International personnel must give notice in writing (which may include e-mail) to the TRP International Compliance Team.

New Personnel Subject to the Code. A person subject to the Code must give written notice as directed above of any existing securities accounts maintained with any broker, dealer, investment adviser, bank or other financial institution within 10 days of association with the firm.

You do not have to report accounts at transfer agents or similar entities if the only securities in those accounts are variable insurance products or mutual funds if these are the only types of securities that can be held or traded in the accounts. If other securities can be held or traded, the accounts must be reported. For example, if you have an account at T. Rowe Price Services, Inc., a transfer agent that holds shares of a Price Fund, that account is not reportable. If, however, you have a brokerage account it must be reported even if the only securities currently held or traded in it are mutual funds.

Officers, Directors and Registered Representatives of Investment Services. The NASD requires each associated person of T. Rowe Price Investment Services, Inc. to:

Obtain approval from Investment Services (whether the registered person is based in the United States or internationally) -- the request should be in writing, directed to Baltimore Legal/Compliance, and submitted before opening or placing the initial trade in a securities account; and

If the securities account is with a broker/dealer, provide the broker/dealer with written notice of his or her association with Investment Services.

Annual Statement by Access Persons. Each Access Person must also file with the firm a statement of his or her accounts as of year-end in January of the following year.

Reminder. If you become the beneficial owner of another's securities (e.g., by marriage to the owner of the securities) or begin to direct trading of another's securities, then the associated securities accounts become subject to the account reporting requirements.

PROCEDURES FOR REPORTING TRANSACTIONS. The following
requirements apply both to Access Persons and Non-Access Persons:

Report Form. If the executing firm provides a confirmation, contract note or similar statement directly to the firm, you do not need to make a further report. All other transactions must be reported on the form designated "T. Rowe Price Employee's Report of Securities Transactions," which is available on the firm's Intranet under Corporate/Legal.

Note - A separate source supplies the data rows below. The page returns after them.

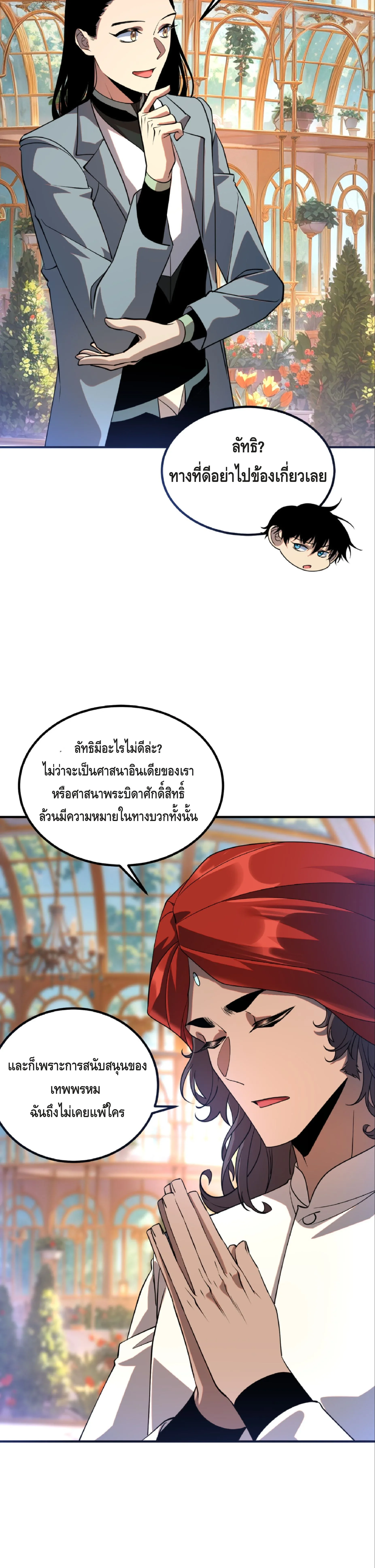 Awakening the Purple Thunder at the Beginning ปลุกอาชีพระดับ S เทพอัสนีม่วงสวรรค์ ตอนที่ 40 หน้า 17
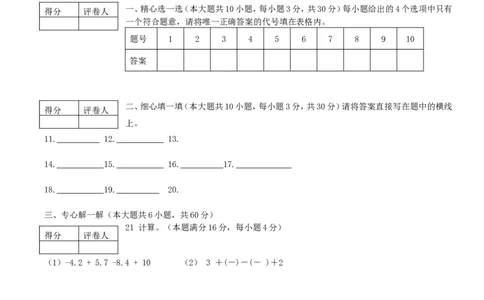 2017-2018学年山东省临沂市七年级数学上第一次月考试题含答案_1、初中学习资料_4-2、数学_北师大版_北师大版初中数学7上_期中、期末、月考、中考真题_期中、期末、月考真题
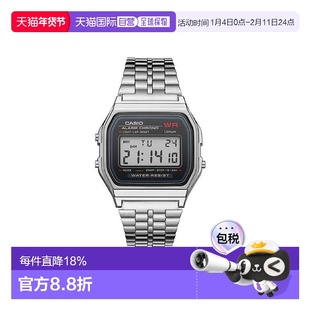 卡西欧手表CASIO防水日历闹钟秒表复古风学生A159WA-N1DF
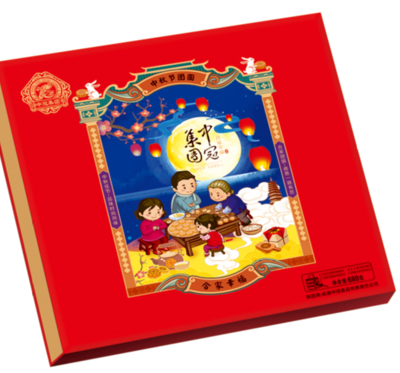 合家幸福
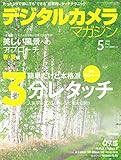 デジタルカメラマガジン2018年5月号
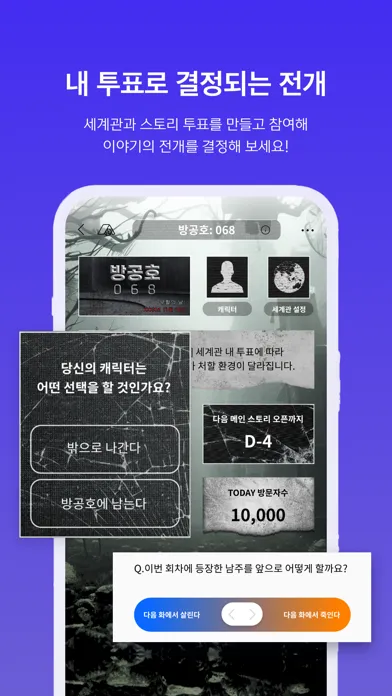 스네: 함께 만드는 세계관 スクリーンショット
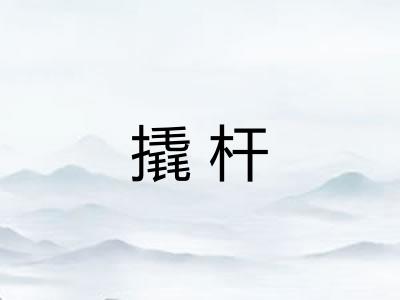 撬杆
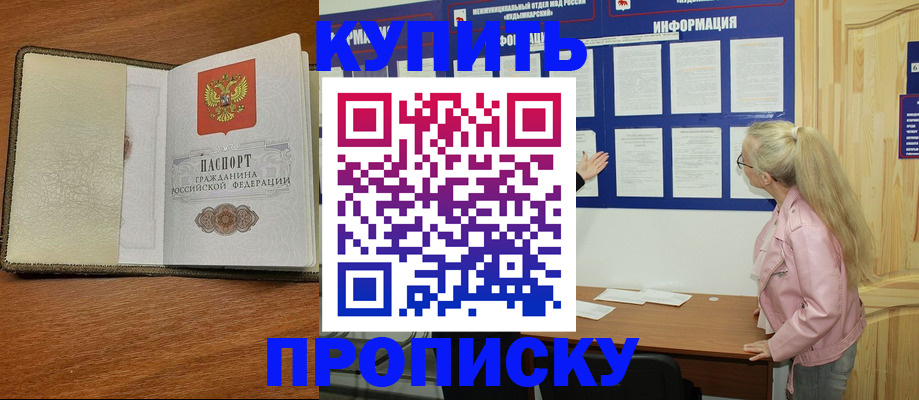временная регистрация недорого в Якутске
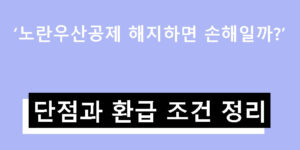 노란우산공제 해지하면 손해일까? 단점과 환급 조건 정리
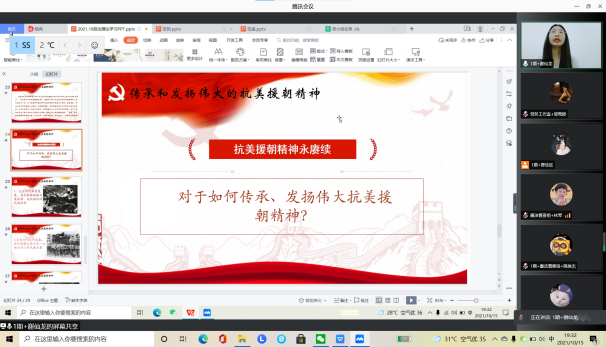 图片5.png 图片5.png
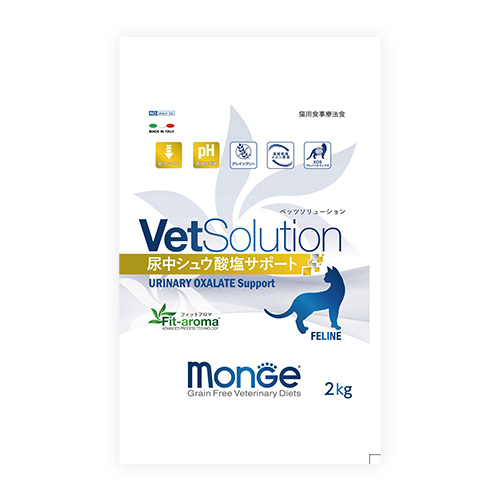 �y�����ؔ��zVetSolution �L�p�@�A���V���E�_���T�|�[�g�@�g�p����2026/3/2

When Reports are Due. You must report a securities transaction within ten (10) days after the trade date or within (10) days after the date on which you first gain knowledge of the transaction (for example, a bequest) if this is later. Reporting of transactions involving a systematic investment plan/savings scheme, in an established dividend reinvestment plan, or the purchase of securities by a spouse pursuant to an employee-sponsored payroll deduction plan, however, may be reported quarterly.

The TRP International Compliance Team will send all reports it receives to Baltimore Legal/Compliance on a quarterly basis.

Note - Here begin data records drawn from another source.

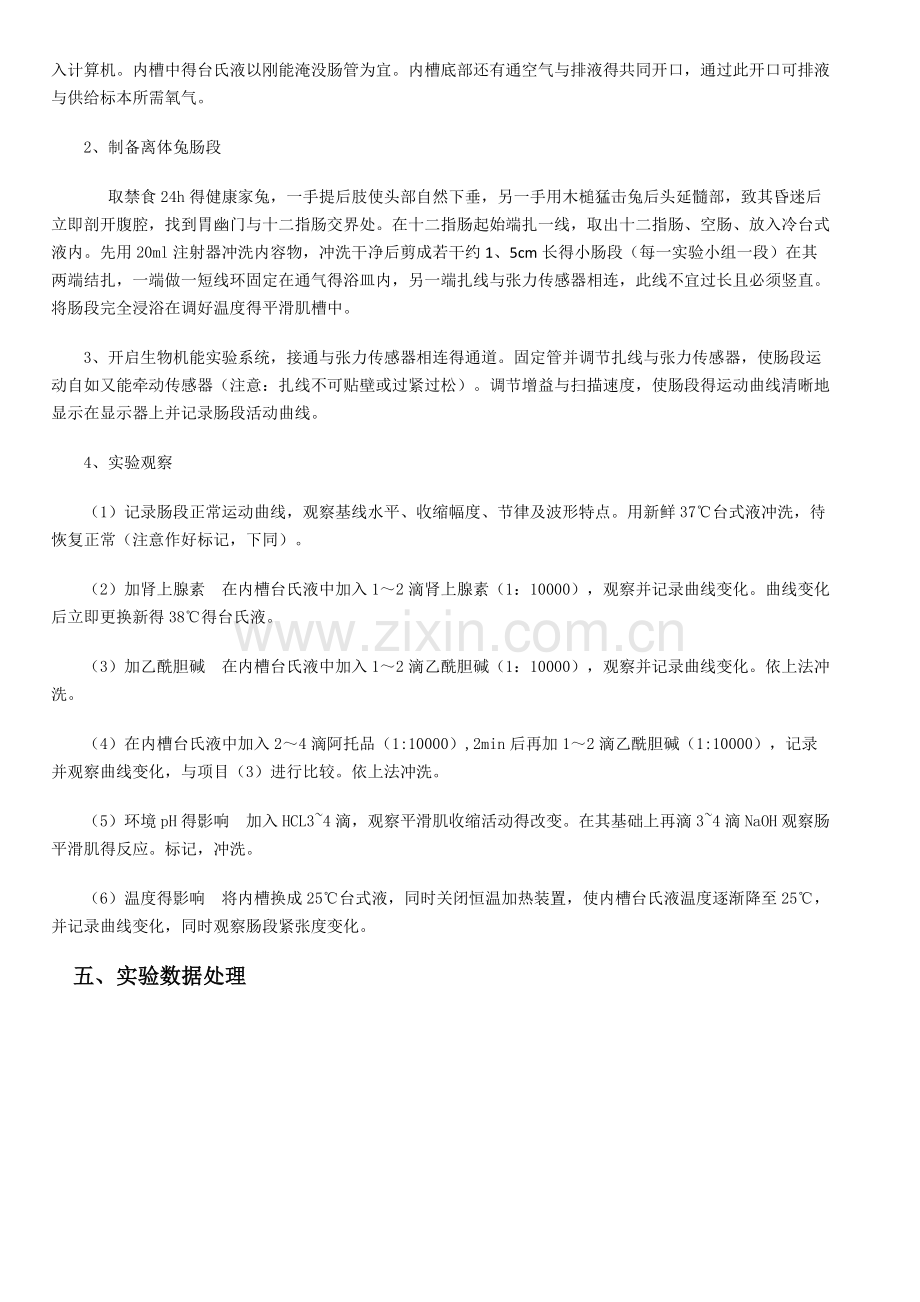 消化道平滑肌的生理特性和药物的影响实验报告.doc_第2页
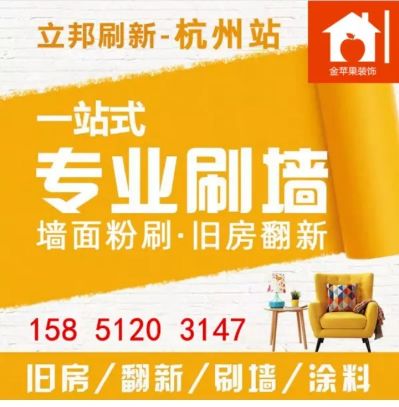 家装微改造杭州墙面粉刷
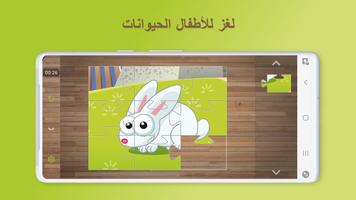 لغز للأطفال الحيوانات الملصق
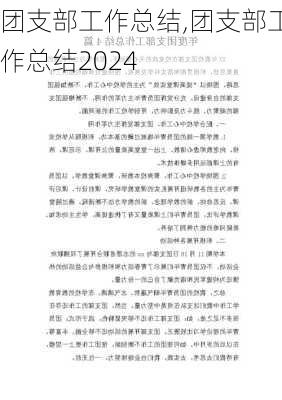 团支部工作总结,团支部工作总结2024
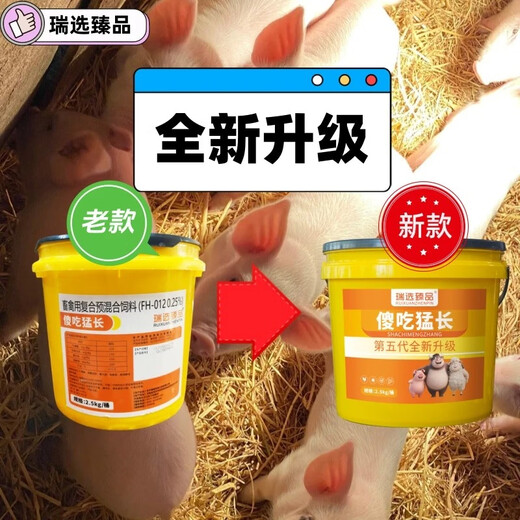 Ruixuan Zhenpin Silly Eater Feed Additive 2.5kg/barrel 5 Jin Jin equals 0.5 kg, 5000 Jin Jin equals 0.5 kg of mixing material, Silly Eat Meng Sleep Long Fatty Zhuang 3 barrels (15 Jin Jin equals 0.5 kg, 15000 Jin Jin equals 0.5 kg of mixing material)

Reminder. If you become the beneficial owner of another's securities (e.g., by marriage to the owner of the securities) or begin to direct trading of another's securities, the transactions in these securities become subject to the transaction reporting requirements.

TRANSACTION REPORTING REQUIREMENTS FOR THE INDEPENDENT DIRECTORS OF THE PRICE FUNDS, THE INDEPENDENT DIRECTORS OF PRICE GROUP, AND THE INDEPENDENT DIRECTORS OF THE SAVINGS BANK. The independent directors of the Price Funds are subject to the same reporting requirements as Access Persons and Non-Access Persons except that reports need only be filed quarterly. Specifically:
(1) a report for each securities transaction must be filed with Baltimore/Legal Compliance no later than ten (10) days after the end of the calendar quarter in which the transaction was effected; and (2) a report must be filed for each quarter, regardless of whether there have been any reportable transactions. Baltimore/Legal Compliance will send the independent directors of the Price Funds a reminder letter and reporting form approximately ten days prior to the end of each calendar quarter.

The independent directors of Price Group are not required to report their personal securities transactions (other than transactions in Price Group stock) as long as they do not obtain information about the Price Advisers' investment research, recommendations, or transactions. However, the independent directors of Price Group are reminded that changes to certain information reported by the respective independent director in the Annual Questionnaire for Independent Directors are required to be reported to Baltimore/Corporate Records (e.g., changes in holdings of stock of financial institutions or financial institution holding companies).

The independent directors of the Savings Bank are not required to report their personal securities transactions except as they may be specifically requested from time to time to do so by the Savings Bank in accordance with regulatory or examination requirements.

MISCELLANEOUS RULES REGARDING PERSONAL SECURITIES TRANSACTIONS. These rules vary in their applicability depending upon whether you are an Access Person.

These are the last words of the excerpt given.